Царь, нация и инновации

Царь, нация и инновации
Почему технологический рост порой воспринимался в России не как благо, а как угроза стабильности

(первую часть доклада см. здесь)

Почему Россия отстает от многих других стран по темпам и качеству развития технологий? Почему вообще в каких-то странах гениальные идеи и разработки рождаются чаще? Чем объяснить всплески технологической креативности в различных обществах в разные периоды? Эти вопросы давно занимают не только политиков и экономистов; историки и социологи науки в России и за рубежом в течение многих лет изучают феномен инновационности и уже предложили множество различных его объяснений. Среди факторов, определяющих способность обществ и культур изобретать, назывались плотность населения, географическая среда, продолжительность жизни, отсутствие или дороговизна природных ресурсов, которая заставляет изобретать «обходные» технологии, нехватка рабочих рук, религия и многие другие. В принципе все многообразие различных факторов и явлений, влияющих на «инновационную производительность», можно свести к двум категориям: социально-культурные и образовательные (мы намеренно не касаемся ключевых институциональных факторов — политических, юридических и экономических).

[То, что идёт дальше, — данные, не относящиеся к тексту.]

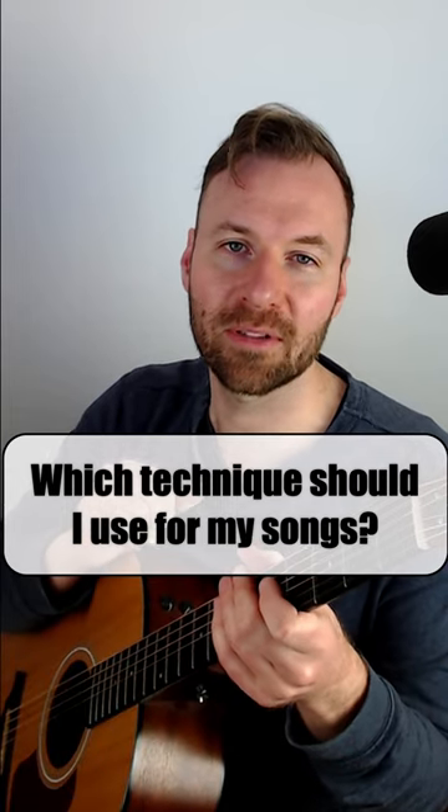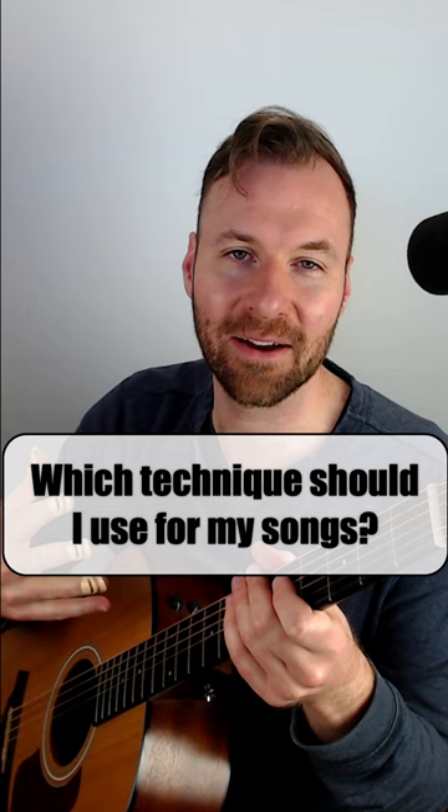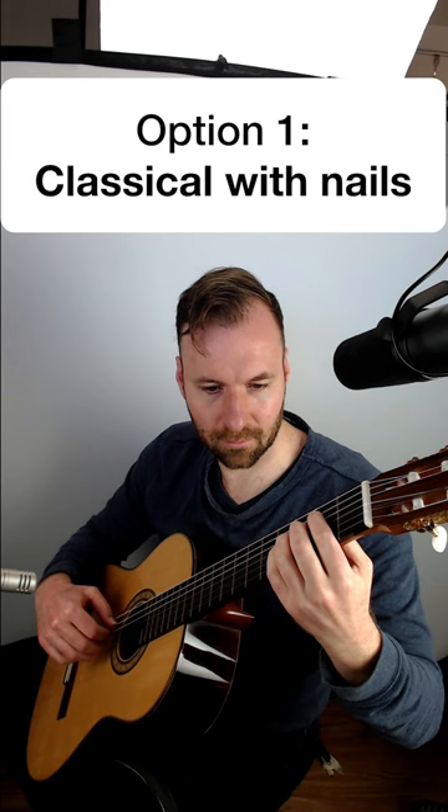I'm working on some original songs and I don't know what right-hand technique to use — I don't know what sound I actually want to get for the songs. Maybe you could help me out; let me know which one of these four options you like the best.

«Французы изобретают, англичане делают»

В первой группе факторов инновационности, отмечаемых историками науки и технологии, следует назвать прежде всего гибкость культурных норм и восприимчивость к заимствованиям. Инновацию можно рассматривать как сумму двух слагаемых — изобретения и внедрения. Большая часть идей «погибает» из-за того, что общество не готово воспринимать новое или воплощать плодотворную идею. Любое новшество, будь оно «домашним» или заимствованным, требует адаптации к нему существующих норм и практик, и именно поэтому нетолерантная среда склонна скорее отторгнуть его, чем приспособляться к нему. Самые радикальные и иногда самые эффективные инновации зачастую встречают наибольшее сопротивление. Таким образом, инновационность общества определяется не столько креативным потенциалом отдельных его членов, сколько системной способностью самого общества адаптировать изобретения (неважно, чужие или свои) и внедрять инновации. Так, и Франция, и Британия в период первой индустриальной революции в XVIII веке по количеству изобретений выделялись в Европе очень большим инновационным потенциалом, но британская экономика отличалась еще и способностью к быстрому внедрению новых технологий и продуктов. «Французы изобретают, англичане делают», — заметил по этому поводу экономист Чарльз Киндлбергер. Именно это качество — способность быстро внедрять новые технологии — позволило Британии во второй половине XVIII столетия стать лидером индустриального развития. В свою очередь, утрата этой страной институциональной и культурной гибкости привела к тому, что во второй половине следующего, XIX века она уступила место лидера индустриализации Германии и США. Британские ученые и инженеры изобретали не меньше, чем раньше, но их открытия не внедрялись, тогда как новые лидеры промышленного роста демонстрировали способность не только производить новые технологии (в некоторых отраслях), но и правильно отбирать, адаптировать и внедрять чужие (купленные и заимствованные) идеи. Хорошо известна высокая активность немецких предпринимателей того времени, неустанно разъезжавших по технологическим выставкам и высматривавших перспективные новшества.

 

Меньшинства двигают прогресс

Разумеется, способность изобретать и способность адаптировать и развивать чужие изобретения тесно связаны — обе можно считать проявлениями технологической креативности, — но не всегда они совпадают. Дэвид Ландэс отметил, что «хорошие изобретатели порождают хороших имитаторов». Джоэль Мокир подтвердил эту мысль: существует множество примеров того, как адаптация и заимствования стимулировали собственную изобретательность. Некоторые историки технологии отмечают важную закономерность: толерантность общества к изобретениям, как правило, соответствует толерантности к социальному (этническому, культурному) разнообразию. Иначе говоря, если общество терпимо относится к меньшинствам, если оно полиэтнично и поликонфессионально, то оно будет терпимо и к разного рода «фрикам» и чудакам — и к производимым теми новым идеям. Напротив, периоды обострения межнациональной розни и конфликтов всегда сопровождались снижением инновационного потенциала. Таким образом, можно заключить, что вопреки распространенному представлению о национализме как стимуле технологического прогресса для изобретений более благоприятна космополитичная среда. Так, антисемитизм как принцип образовательной политики в позднеимперской России, когда количество евреев в учебных заведениях было ограничено «процентной нормой», нанес огромный урон развитию науки и техники.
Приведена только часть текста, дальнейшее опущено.